▶ [WHAT TO WORK ON]: In the records below, the part to copy starts at the line containing "Engineered Mice Carrying" and goes to the last line; output it exactly, without pictures.

--- SUPPLIED DATA Enclosed Below ---

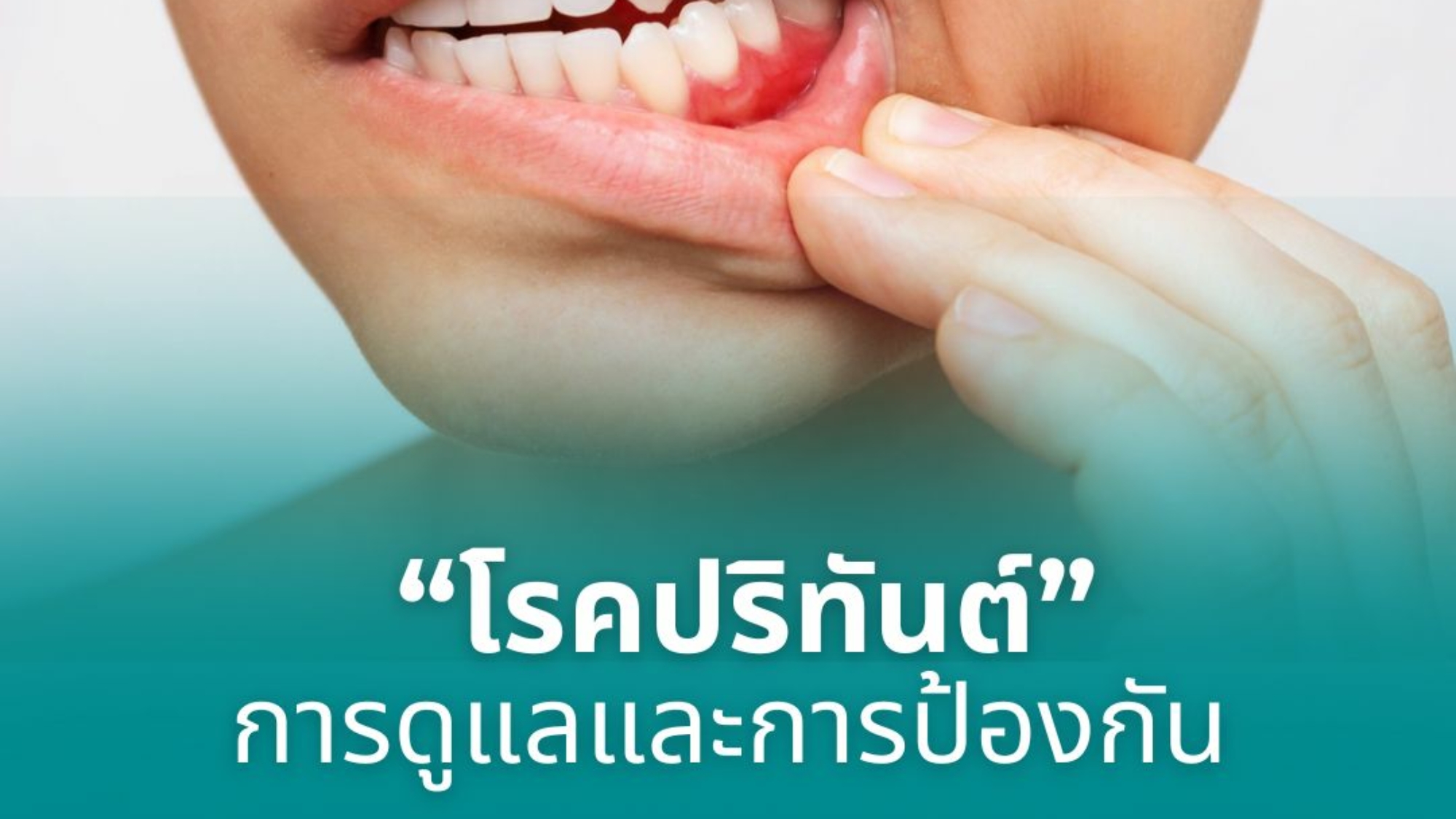 โรคปริทันต์การดูแลและการป้องกัน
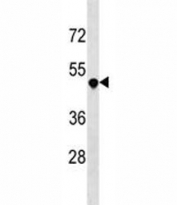 DR3 antibody western blot analysis in 293 lysate. Predicted molecular weight: 45 kDa, observed at 50-70 kDa.
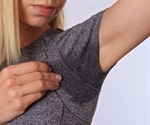 Engineered Mice Carrying the Genetic Variant Develop Excessive Sweating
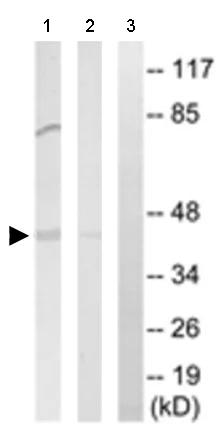 Western blot - Anti-TSTA3 antibody (AB190002)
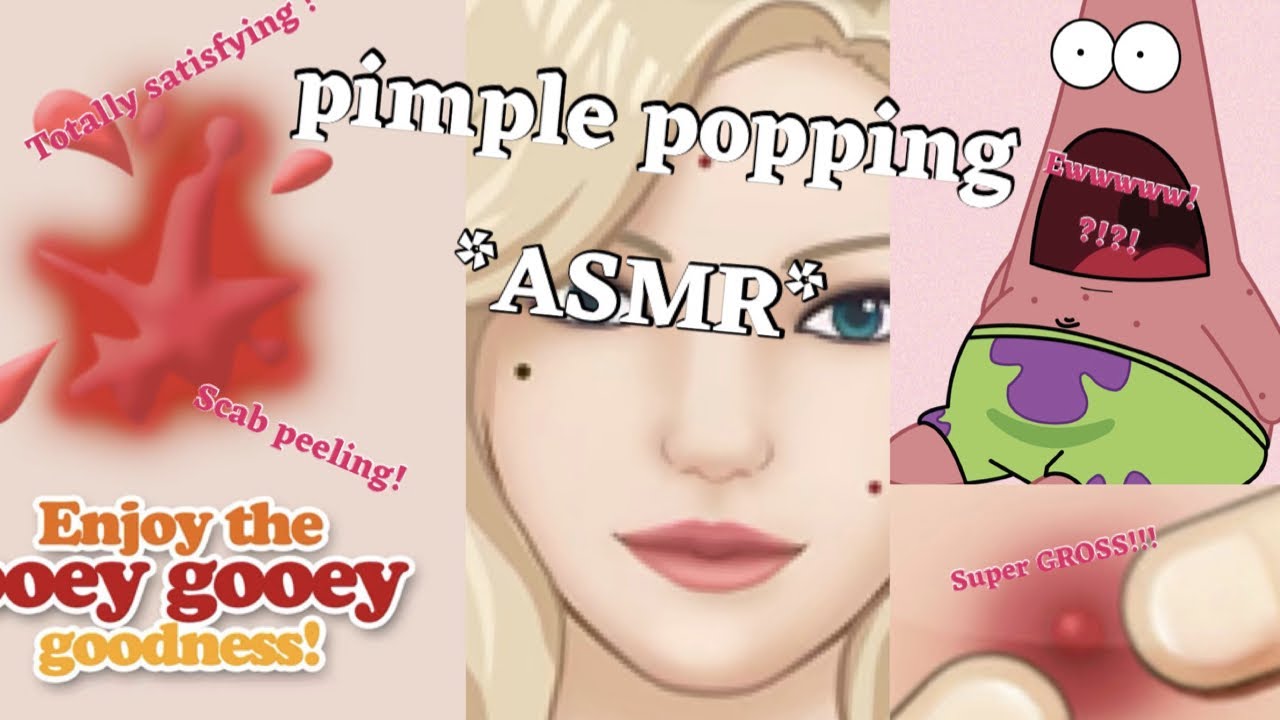 GROSSEST pimple popping EVER!!!…*ASMR*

--- End of Enclosed SUPPLIED DATA ---

▶ [EXERCISE RESPONSE]:
 Engineered Mice Carrying the Genetic Variant Develop Excessive Sweating
 Western blot - Anti-TSTA3 antibody (AB190002)
 GROSSEST pimple popping EVER!!!…*ASMR*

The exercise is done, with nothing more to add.